**Supplied information**
----------------

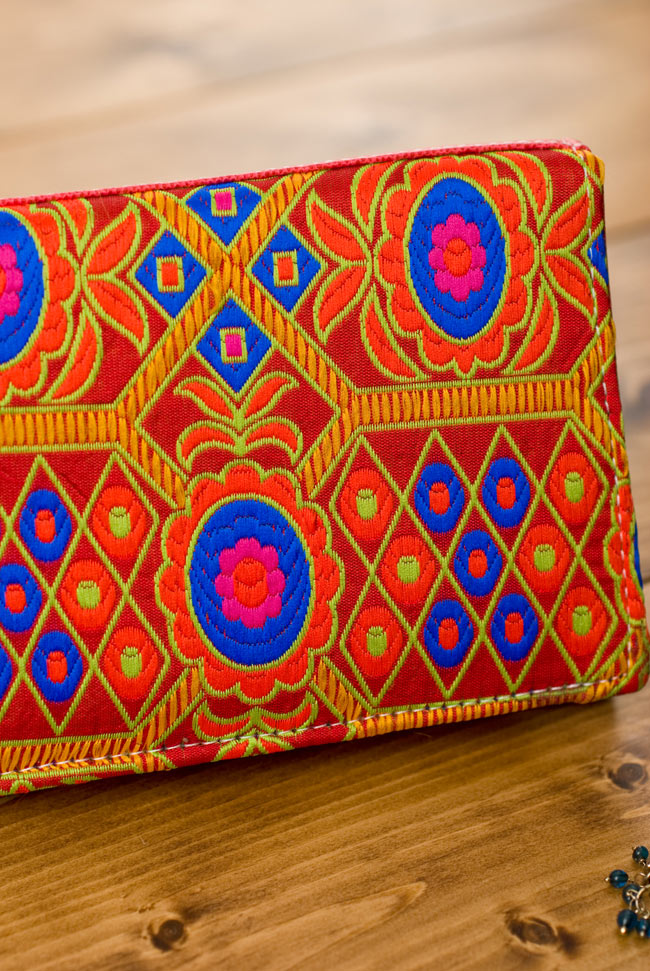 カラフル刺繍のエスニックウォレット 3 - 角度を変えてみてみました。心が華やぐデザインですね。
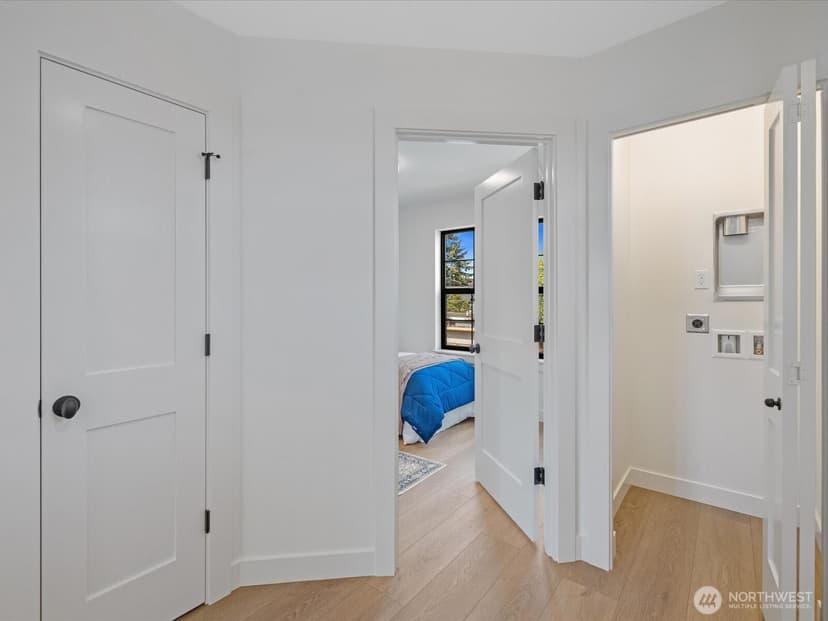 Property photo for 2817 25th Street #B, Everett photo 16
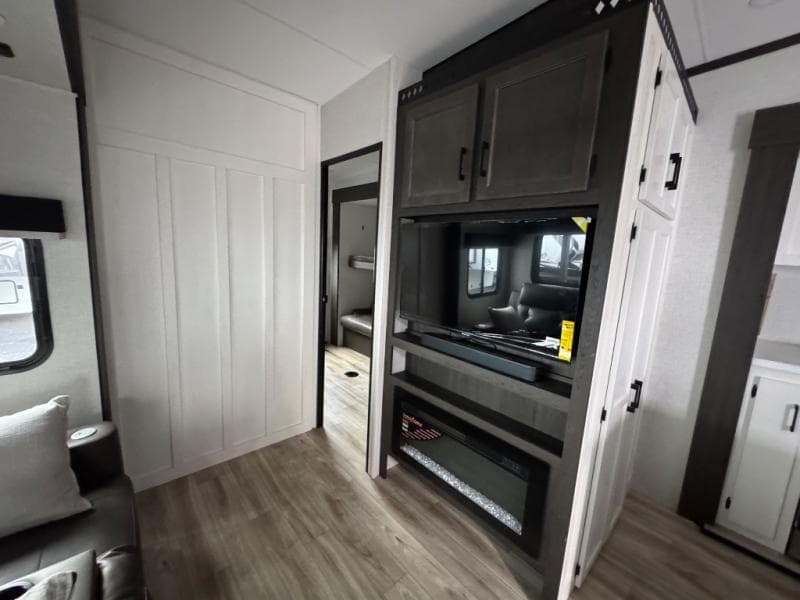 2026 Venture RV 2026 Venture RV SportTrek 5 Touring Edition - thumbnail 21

----------------

**What this task involves**
Could you give the material above again, exactly and without its pictures?

**Task result**
 カラフル刺繍のエスニックウォレット 3 - 角度を変えてみてみました。心が華やぐデザインですね。
 Property photo for 2817 25th Street #B, Everett photo 16
 2026 Venture RV 2026 Venture RV SportTrek 5 Touring Edition - thumbnail 21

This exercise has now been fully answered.